Две старшие девочки, Элизабет и Мэри, девушкам ближе к двадцати, они откинулись на спинку дивана и улыбаются младшим сестрам, Хелене и Кларе, которые сидят на некотором расстоянии, но обнимают друг друга за шею. Между ними, так что их плечи и лица образуют арку над его головой, расположился Александр; на лице у него искусственная улыбка. По виду ему лет десять, и никакого удовольствия он от этого мероприятия не получает. У всех девочек длинные кудри и ленты в волосах, и на каждой соответствующий возрасту передник поверх темного или полосатого платья. На моем отце норфолкская курточка [10] и галстук-бабочка. Перед ним на низкой скамеечке сидит Джордж, младший ребенок в семье, больной ребенок. На нем матросский костюмчик, в котором он не выглядит ни здоровее, ни крепче. Джордж прислонился к коленям брата, одна рука вытянута на диване, другая на коленях, ноги поджаты; он улыбается мягкой, довольно печальной улыбкой. Тут они все, шестеро детей, увековеченные (по крайней мере, до тех пор, пока существует альбом) «Кодаком» матери.
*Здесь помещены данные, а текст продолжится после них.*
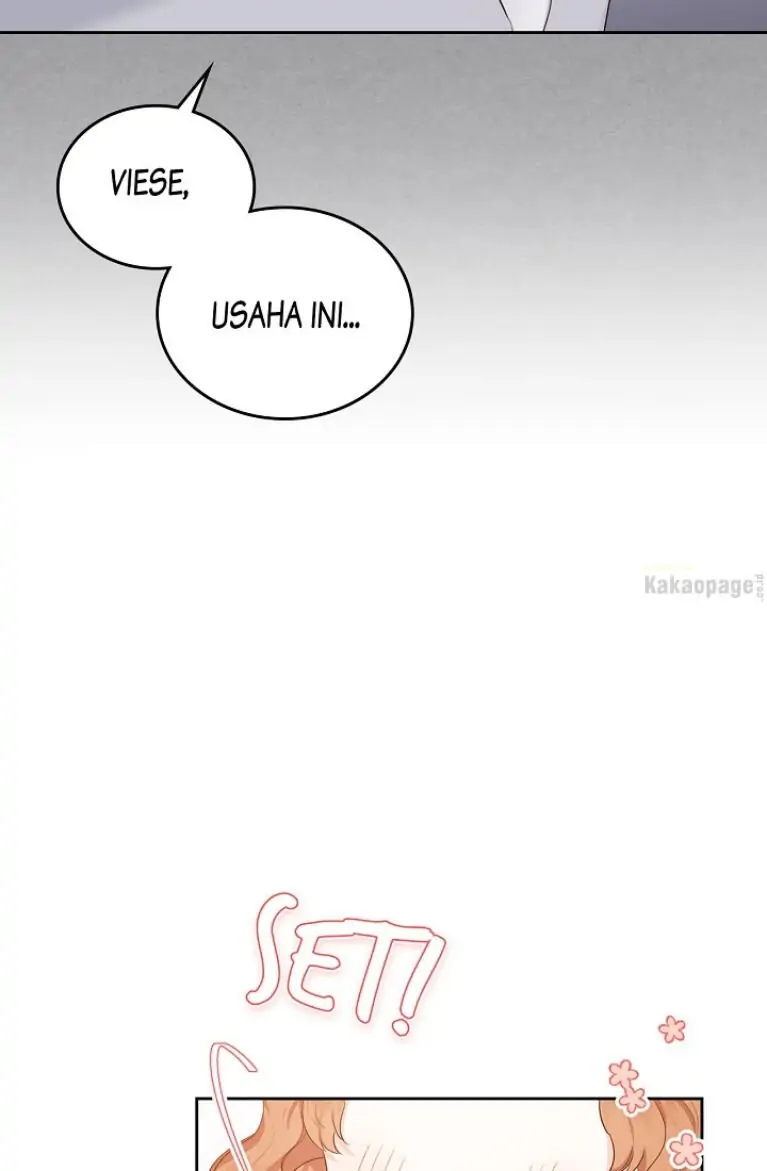 I Shall Master This Family! Chapter 12 page 15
Я переворачиваю страницу. Вот она, сделанная Эдит фотография, – я знал, что она есть в альбоме, но не видел ее много лет. Это Генри в своем кабинете; он сидит за письменным столом, но смотрит в камеру, а перед ним лежит его знаменитый труд «Носовые кровотечения и предрасположенность к ним». Возможно, книга была лишь недавно опубликована и этот экземпляр ему вручили или прислали. Не исключено, что Эдит сделала снимок для того, чтобы запечатлеть момент появления в доме книги. В таком случае фотография датируется приблизительно 1896 годом – для лорда и леди Нантер это было счастливое время, поскольку именно тогда Генри стал пэром и у него родился младший сын. Он выглядит довольным собой, этот все еще красивый шестидесятилетний мужчина, только что выпустивший очередную книгу. Фотография сделана анфас, и поэтому точно сказать невозможно, но, похоже, у него сохранились все волосы на голове, хотя и сильно поседели. Лицо у Генри гордое, самодовольное, но приятное, а изгиб губ и живые глаза намекают на его знаменитое очарование. На этом снимке нет ничего, что помогло бы понять, почему младшая дочь сухо называет его «Генри Нантером».
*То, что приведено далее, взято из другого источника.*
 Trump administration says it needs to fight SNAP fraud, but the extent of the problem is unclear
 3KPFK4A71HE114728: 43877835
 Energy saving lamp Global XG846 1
После того как наша семья переехала в дом на Альма-сквер, мы с Сарой нашли сундуки в одной из комнат на чердаке. Сюда больше никто не поднимался. Мы открыли только один сундук. Внутри обнаружились вещи, обычно не вызывающие интереса у молодых людей: дневники, пачки документов и писем, выцветшие коричневые фотографии в толстых альбомах в мягких обложках из потрескавшейся кожи с латунными застежками, сертификаты и дипломы в желтых бумажных конвертах, а также книги, экземпляры которых имелись внизу. Разочарованные, мы не стали углубляться дальше нескольких верхних слоев. Прошло почти три десятка лет, прежде чем Сара прислала мне письмо Клары и я снова занялся содержимым сундуков.

3

Пожизненный пэр из числа лейбористов, имени которого я не помню, останавливается у меня за спиной и заглядывает мне через плечо. Он спрашивает, кто этот «парень», и я отвечаю, что мой прадед. Естественно, он тут же цитирует знаменитую фразу Генри – возможно, единственные умные слова, которые тот произнес в Парламенте: «Управляйте обстоятельствами и не позволяйте обстоятельствам управлять вами».

Скорее всего, первым это сказал Фома Кемпийский [11], а Генри лишь цитировал его в своей первой речи. Но все об этом забыли – а может, и не знали. Более злопамятные лорды не гнушаются напоминать мне другое известное высказывание Генри, которое зафиксировала официальная стенограмма: «Вопрос в том, каков ответ». Пожизненный пэр спрашивает, слышал ли я историю о старом лорде, которого оппозиция «притащила» сюда для голосования во время дебатов на прошлой неделе.